Open-Book Neural Algorithmic Reasoning
- URL: http://arxiv.org/abs/2501.00072v1
- Date: Mon, 30 Dec 2024 02:14:58 GMT
- Title: Open-Book Neural Algorithmic Reasoning
- Authors: Hefei Li, Chao Peng, Chenyang Xu, Zhengfeng Yang,
- Abstract summary: We propose a novel open-book learning framework for neural networks.
In this framework, the network can access and utilize all instances in the training dataset when reasoning for a given instance.
We show that this open-book attention mechanism offers insights into the inherent relationships among various tasks in the benchmark.
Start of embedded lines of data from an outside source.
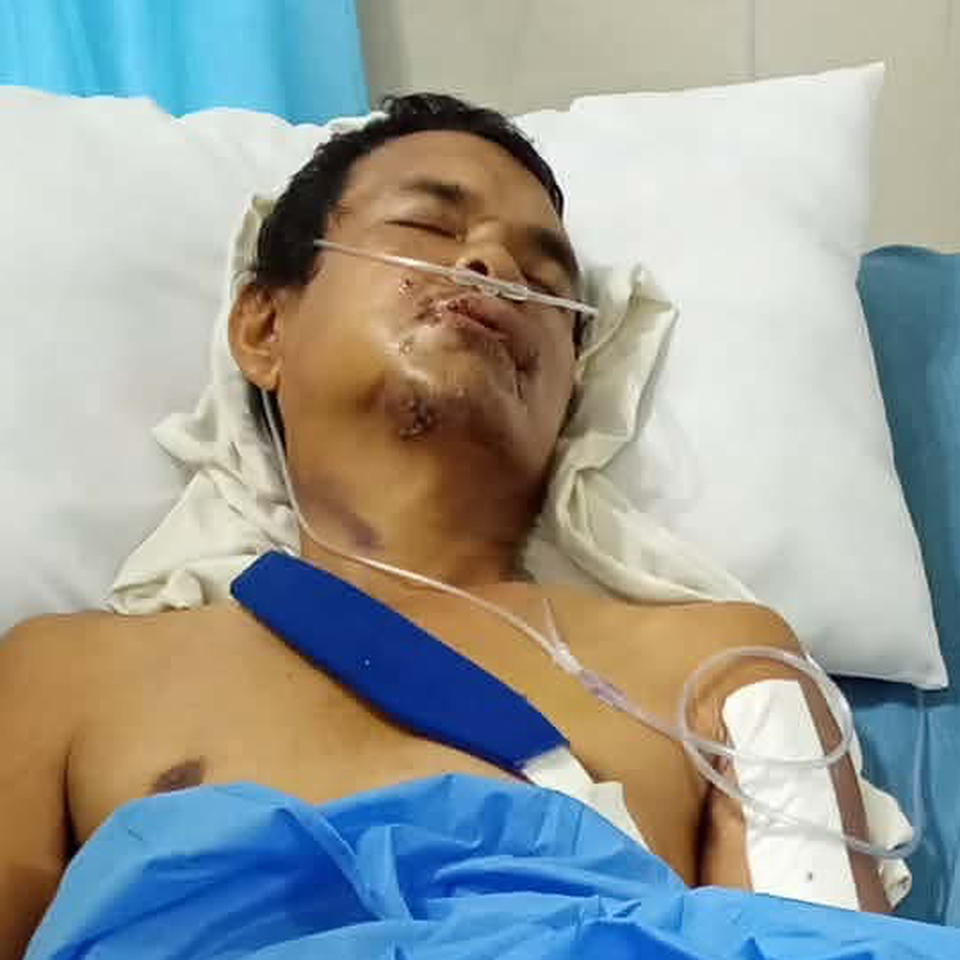Tragic accident need financial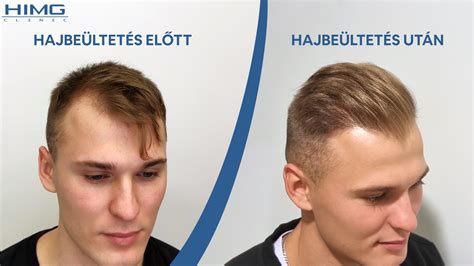 Hajbeültetés előtt és után
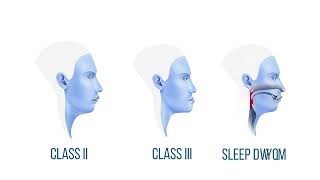 Orthognathic Surgery Explained [upl. by Aleakim]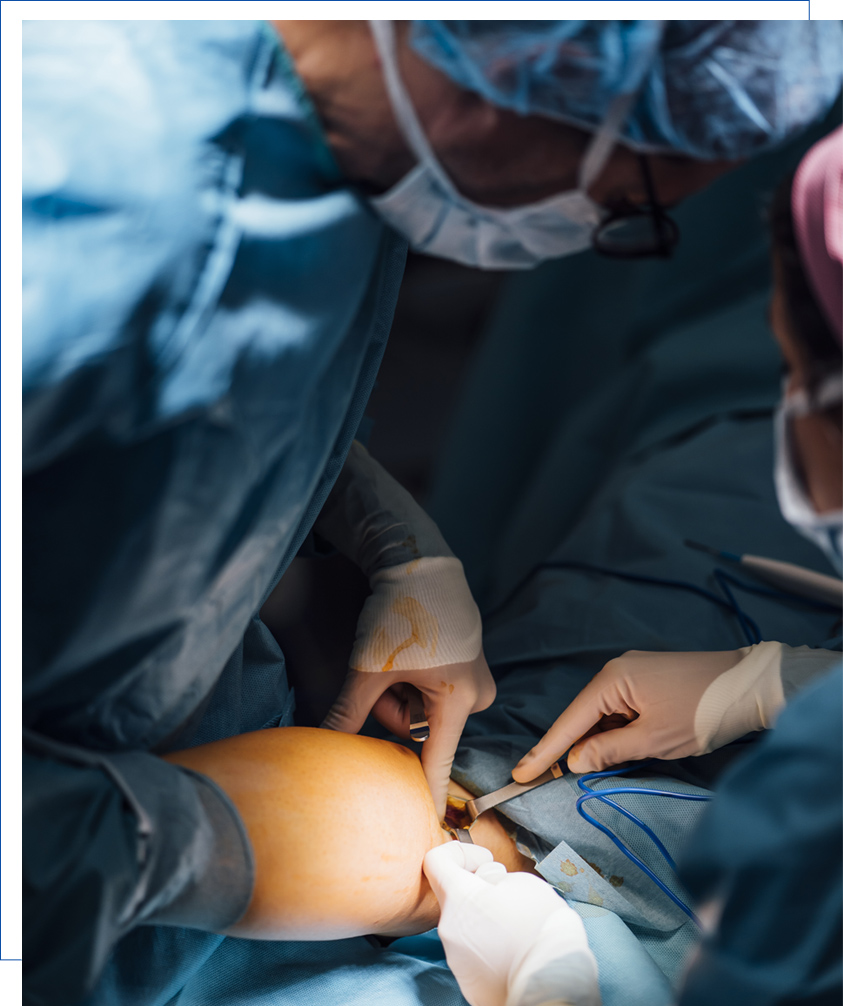 Budget knee replacement in Kolkata Budget knee replacement in Kolkata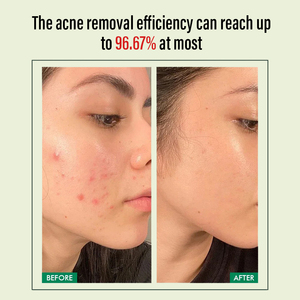 Крем для лица с натуральной салициловой кислотой и нейтрофильными клетками Private Label, против акне, для чувствительной кожи, увлажняющий гель-крем для ухода за кожей - Product Image 5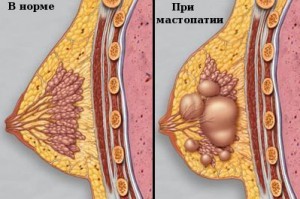 Reduction mammoplasty javallatok, ellenjavallatok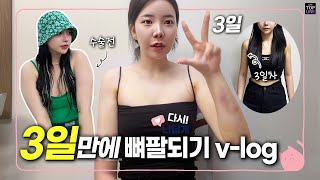 [팔뚝 지방흡입] 3일만에 슬림팔뚝 #변상국원장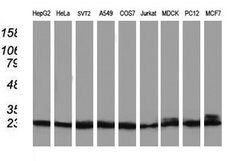 Invitrogen PNMT Monoclonal Antibody (OTI1D2) 100 &mu;L; Unconjugated:Antibodies,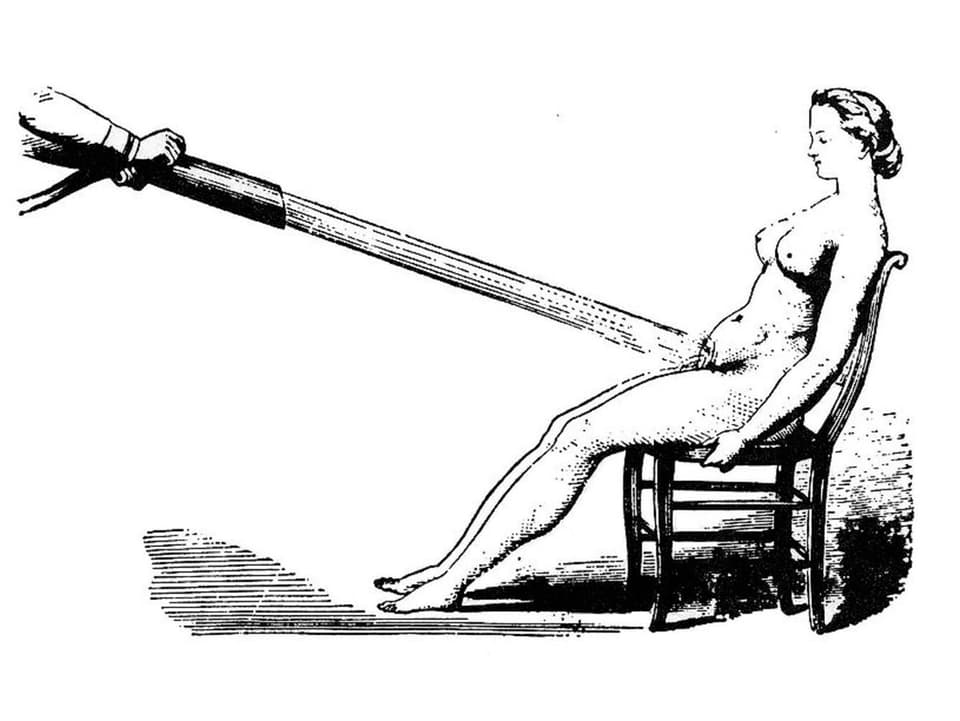 Zeichnung einer Frau auf einem Stuhl, auf deren Unterleib ein Wasserstrahl gerichtet ist.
- Score: 5.057669848157507
- License:
- Abstract: Neural algorithmic reasoning is an emerging area of machine learning that focuses on building neural networks capable of solving complex algorithmic tasks. Recent advancements predominantly follow the standard supervised learning paradigm -- feeding an individual problem instance into the network each time and training it to approximate the execution steps of a classical algorithm. We challenge this mode and propose a novel open-book learning framework. In this framework, whether during training or testing, the network can access and utilize all instances in the training dataset when reasoning for a given instance. Empirical evaluation is conducted on the challenging CLRS Algorithmic Reasoning Benchmark, which consists of 30 diverse algorithmic tasks. Our open-book learning framework exhibits a significant enhancement in neural reasoning capabilities. Further, we notice that there is recent literature suggesting that multi-task training on CLRS can improve the reasoning accuracy of certain tasks, implying intrinsic connections between different algorithmic tasks. We delve into this direction via the open-book framework. When the network reasons for a specific task, we enable it to aggregate information from training instances of other tasks in an attention-based manner. We show that this open-book attention mechanism offers insights into the inherent relationships among various tasks in the benchmark and provides a robust tool for interpretable multi-task training.